Picture Principle: If P is a picture of X, then parts of P are pictures of parts of X (2007, p. 108).

The only emendation to the Picture Principle I suggest is not to require that every part of a picture P of X is itself a picture of X. Think of the white spaces between dots in a grayscale photograph; it seems wrong to count such spaces as pictures. Instead, we should take it as a necessary condition on Picture P’s being a picture of X that every part of P represents some part of X as being some way. Call this the ‘Picture Principle*’. If mental images really are images of a kind, they too must satisfy the principle.Footnote 4

Now, as remarked, images do not merely satisfy the Picture Principle*; they satisfy it in a systematic way characteristic of depiction. Providing a formal account of that way—of the rule or principle that governs why such-and-such image part represents such-and-such object part—is a non-trivial task that is beyond the scope of this paper (again, see Greenberg (2013)). Without advancing a theory of the relation, let us call the particular mapping at work in depiction, whereby each part of the image systematically represents some part of the depicted object as being some way or other, the d-relation (‘d’ is for ‘depiction’). We exercise our implicit understanding of the d-relation when we indicate, for any arbitrary part of an image, which part of its object is depicted, and how it is depicted as being. A theorist will rely upon that implicit grasp when attempting to give a rigorous characterization of the d-relation. Other kinds of representation do not take part in the d-relation. There is, for instance, no sense to the question of what part of the Canadian Prime Minister the ‘P’ in ‘The Canadian Prime Minister’ represents. By contrast, when dealing with an image of the Canadian Prime Minister, we can point to any part of it and ask what part of the Prime Minister it represents and how it represents that part as being. Taking part in the d-relation is indeed essential to an image’s being an imagistic representation, as opposed to a representation of some other kind.

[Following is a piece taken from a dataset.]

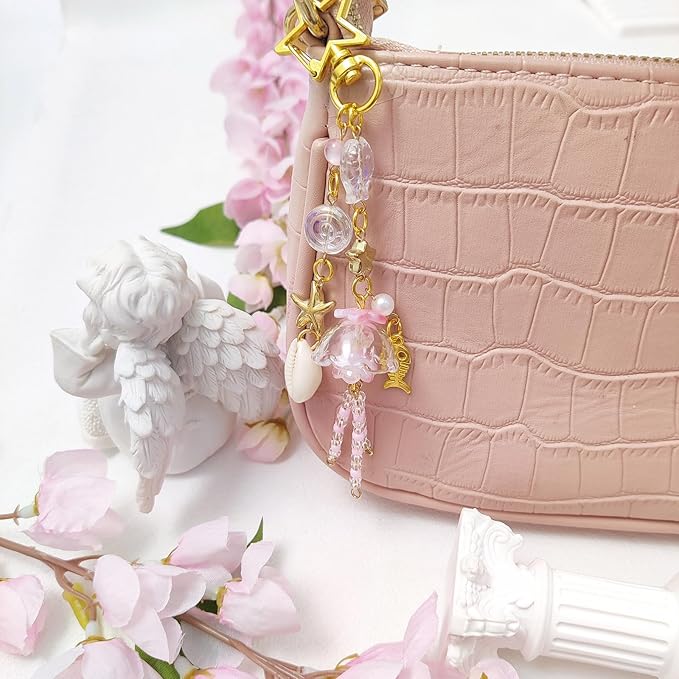 Y2K Aesthetic Keychains for Women Cute Flowers Star Cake Jellyfish Keychins Charms Kawaii Bag Purse Decor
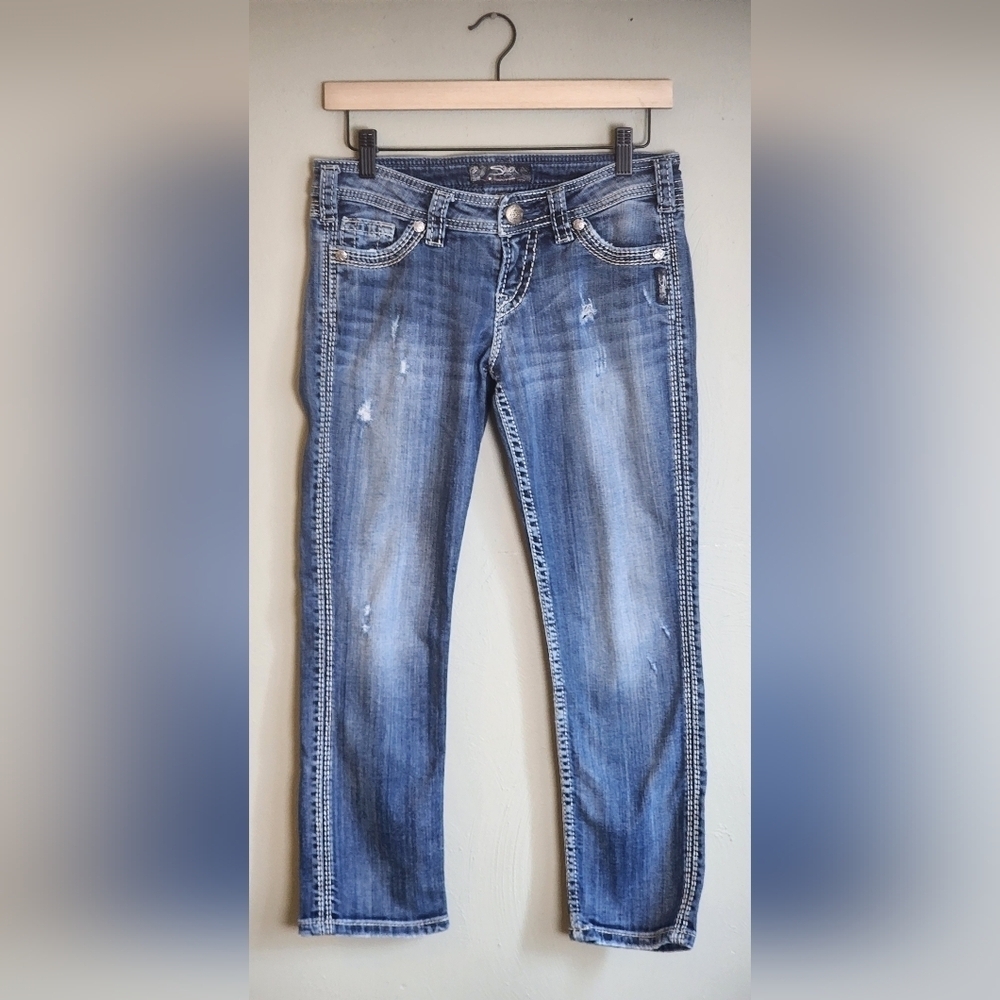 Silver Twisted Capri Womens Jeans Size 26 Western Bling Y2k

Having clarified the d-relation’s importance to image-hood, we are in a position to see why images cannot have particulars as their contents. When we pick out parts of an image in order to ask which properties of the image’s object they represent (in line with the Picture Principle*), we must describe those parts in non-intentional terms—that is, in terms of their intrinsic properties. However, an image cannot have an intrinsic, vehicular feature that represents a particular, because this would require some part of the image—specified in terms of its intrinsic properties—to do more than map certain properties to some part of whatever is being represented. Such a part would, in addition, need to represent the particular (or type of thing) to which the property is attributed. This would require there to be a part of the image that not only took part in the d-relation, where some intrinsic property of the image is mapped to some corresponding proper part of the image’s object (thereby attributing to it a certain property). It would require the part also to indicate the particular, or type of thing, to which the property is attributed. To allow the image such a component would be to hold that the image is not purely imagistic—that it has parts whose content is not a function of the d-relation definitive of being an image. In short, it would need to have proper parts that function as symbols.

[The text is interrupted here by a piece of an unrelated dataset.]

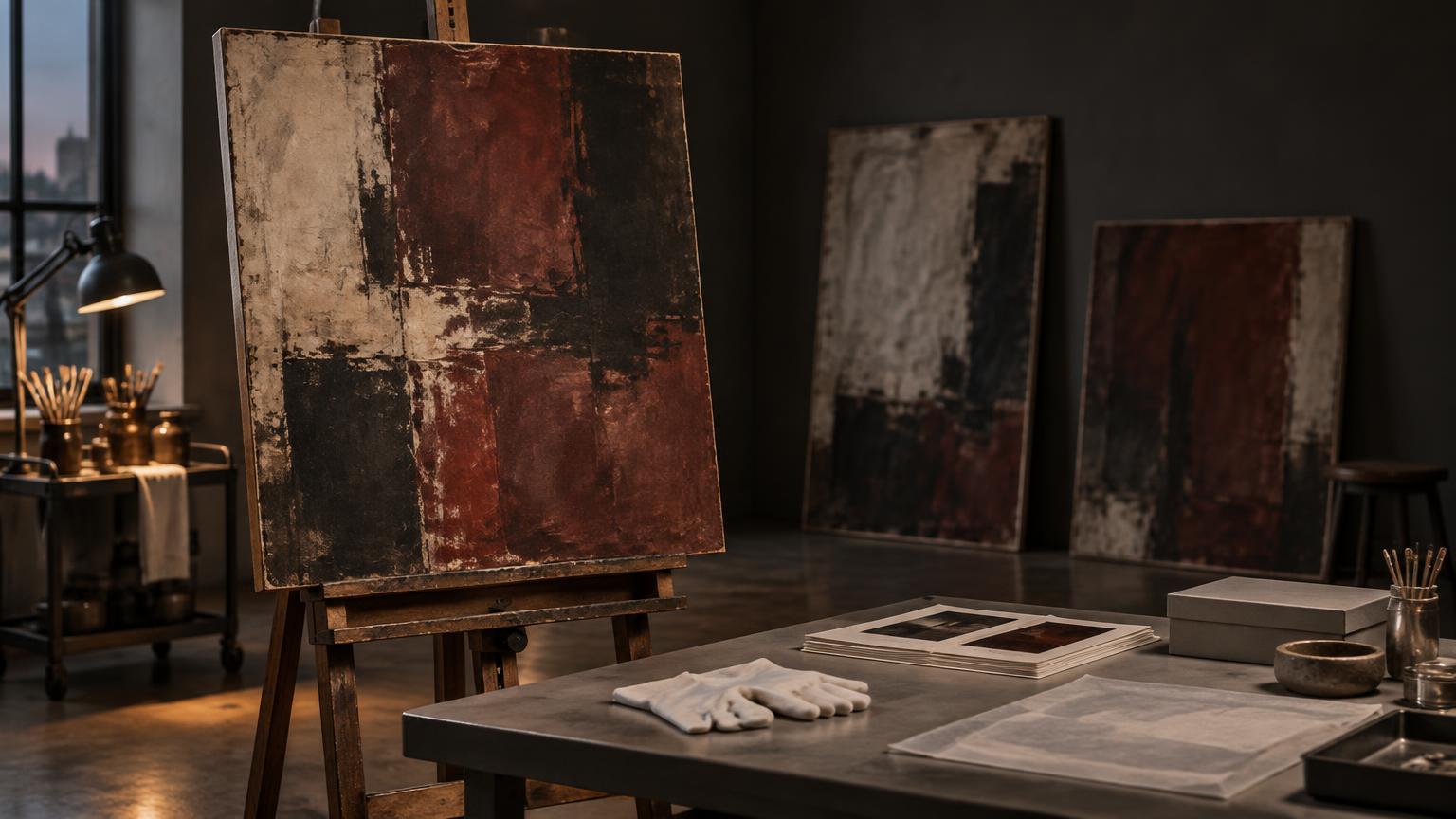 An unframed abstract canvas on an easel in a discreet conservation atelier.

Now, even if an image cannot have a particular as its content simply in virtue of its intrinsic properties (and their participation in the d-relation), it may yet seem possible that an image could acquire a particular as its content due to other, extrinsic factors of the sort we’ve considered above—such as its causal history, or its role in the survival of our species, or its cognitive role. We saw that Munro and Strohminger (2021) propose a factor of this kind, where an image used in an imagining acquires a particular (viz. Trinity College) as its object due to the image’s causal source in the individual’s perceptual history. However, as we also saw earlier, granting that an image can have a particular as its content prevents us from holding that the same type of image can be used to represent a distinct particular. So, which way should we go? Should we give up on the Multiple Use Thesis and hold that (for at least some images) we cannot use the same type of image to imagine distinct particulars? Or shall we maintain the Multiple Use Thesis and push back on the idea that mental images can have particulars as their objects?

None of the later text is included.